Мятежников, после упорного запирательства, повели к пыткам, которыя были неслыханно жестоки. После жесточайшего сечения кнутом, их жгли на огне, после огня опять секли, а после ударов снова подвергали огню. Так в Москве сменяются одни другими истязания на пытке. Царь так сделался недоверчив к своим боярам, что не верил в их добросовестность и опасался поручить им даже малейшее участие в допросе; сам составляет допросные пункты, сам допрашивает преступников, запирающихся доводит до сознавая, а тех, которые упорно молчат, приказывает подвергать жестокой пытке; для этой цели в Преображенском, где производится строжайший розыск, ежедневно разводимо было до тридцати костров и более.
Тогда же, по именному указу государя, устроены по дороге заставы, разставлены офицерские караулы. Без подорожных, высочайше утверждённых, никто не мог ни приехать в Москву, ни выехать из нея.
Около Кремля вновь втащили двух живых человек на колеса, изломав им предварительно руки и ноги; несчастные весь вечер и всю ночь изнемогали в невыносимых терзаниях под бременем бедственнейшей жизни и от ужасной боли издавали жалостнейшие вопли. Один из сих, младший годами, вынеся продолжительнейшие муки, полусутками пережил своего товарища. Между тем царь, роскошно обедая у боярина Льва Кирилловича Нарышкина, в кругу всех представителей иностранных держав и своих министров, долго отказывал им удовлетворить их убедительнейшим просьбам о пощаде несчастного от дальнейших мучений. Наконец, утомленный настойчивостью просителей, царь приказал всем известному Гавриле прекратить мучения живого еще преступника, застрелив его из ружья.
Главные лица, замешанные во всём этом деле, кроме царевича и не раз упомянутого уже Кикина, были: бывшая царица Евдокия, или Авдотья, урождённая Лопухина, её духовник, сводная сестра его величества Мария Алексеевна, царевич Сибирский, боярин Степан Глебов, архиепископ Ростовский Досифей и казначей Суздальского монастыря.
Подозрительность государя дошла до невероятной степени: он усомнился было в преданности перваго своего любимца Меншикова; с трудом разсеял фаворит это подозрение.
Сто пятьдесят мятежников проведены к Яузе.

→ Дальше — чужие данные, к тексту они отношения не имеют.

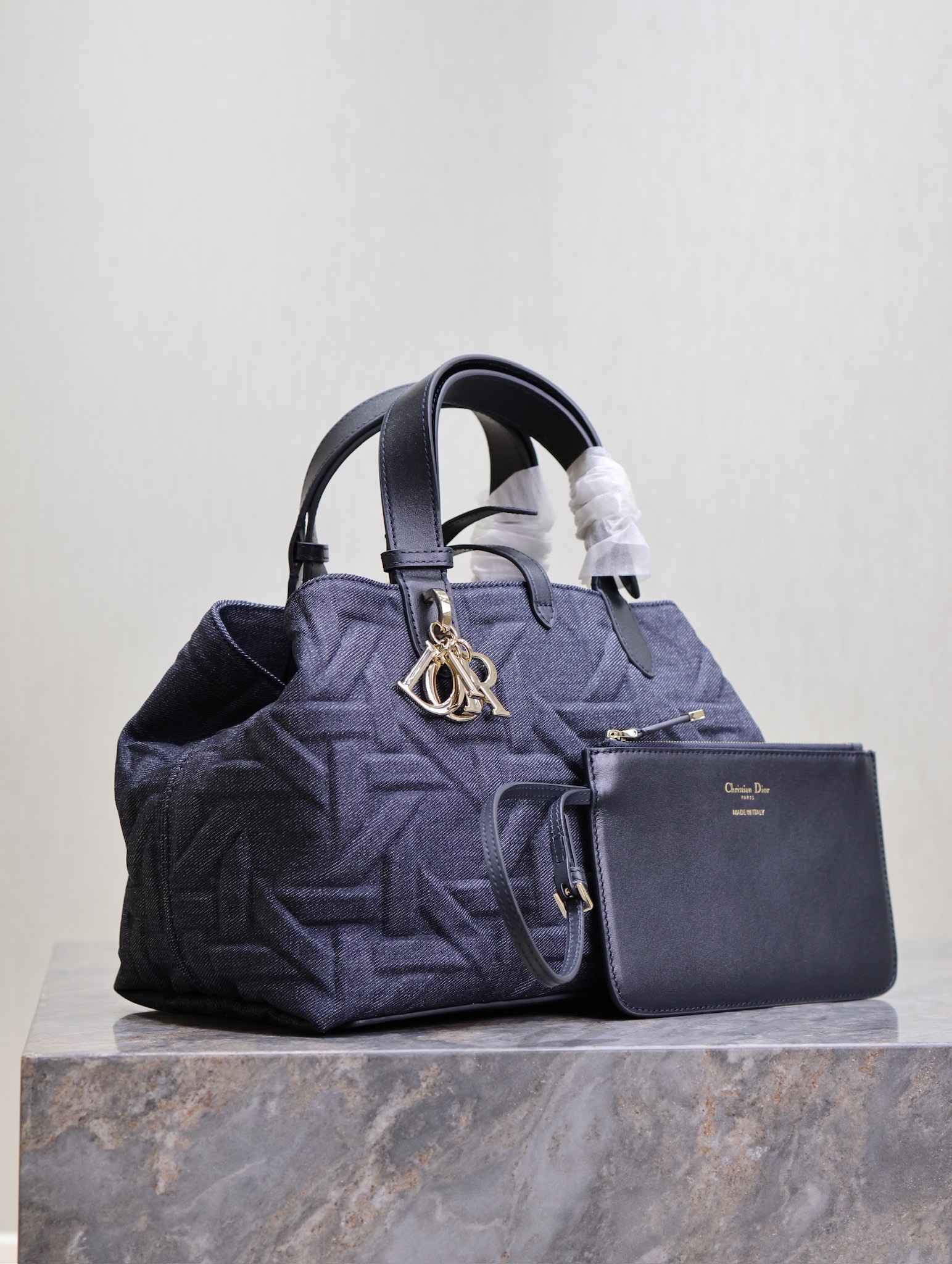 Medium Dior Toujours Bag Blue Graphic Cannage Denim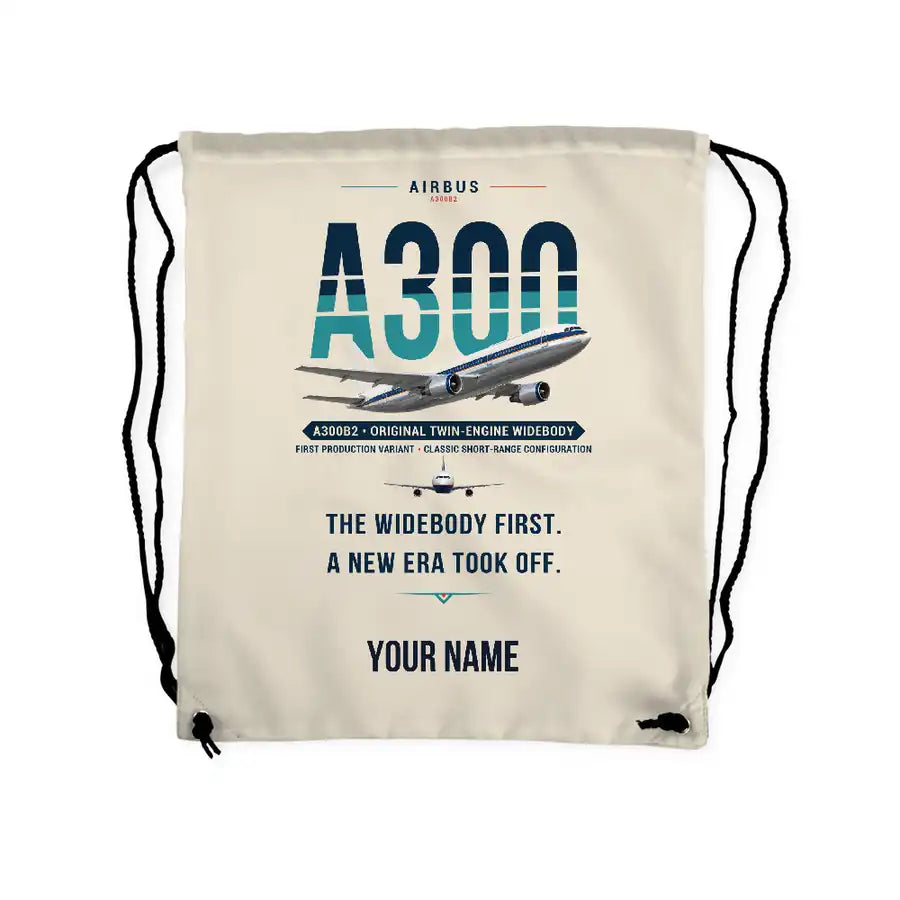 Airbus A300B2 - Drawstring Bag - Original + Name - Beige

Говорят, что царь отрубил мечом головы восьмидесяти четырем мятежникам, причем боярин Плещеев приподнимал их за волосы, чтобы удар был вернее. Три меча были приготовлены для этого употребления. Один из них, когда царь им замахнулся, разлетелся вдребезги, и удар не последовал. Казаки, участвовавшие в этом мятеже, были четвертованы и после того посажены на позорный кол, для того, чтобы все знали, какая казнь ожидает впредь тех, которые, побуждаемые беспокойным духом, решатся на подобное дерзкое преступление. Пяти другим, имевшим более коварные замыслы, отрублены сперва руки и ноги, а потом и головы.
«Степану Глебову, за сочинённыя у него письма к возмущенно на его царское величество народа, и умыслы на его здравие, и на поношение его царскаго величества имени и ея величества государыни царицы Екатерины Алексеевны, учинить жестокую смертную казнь; а что он о письмах с розыску не винился, что он их к тому писал, а говорил, яко бы писаны о жене его, а иныя и об отце, и о брате и о сыне; переменяя речь, и то видно, что он чинит то, скрывая тех, с кем он умышлял, и, прикрывая своё воровство, хотя отбыть смертныя казни; но те его письма о том воровстве явно показуют, да и он от них и сам не отпирался, что те письма писал цыфирью он, Степан; да и потому он смертныя казни достоин, что с бывшею царицею, старицею Еленою, жил блудно, в чём они сами винились имянно; а движимое и недвижимое имение всё взять на Государя».
Твердость этого Глебова во время мучений была невероятной, так что я сомневаюсь в том, чтобы в древней или новой истории можно было бы найти пример, похожий на этот.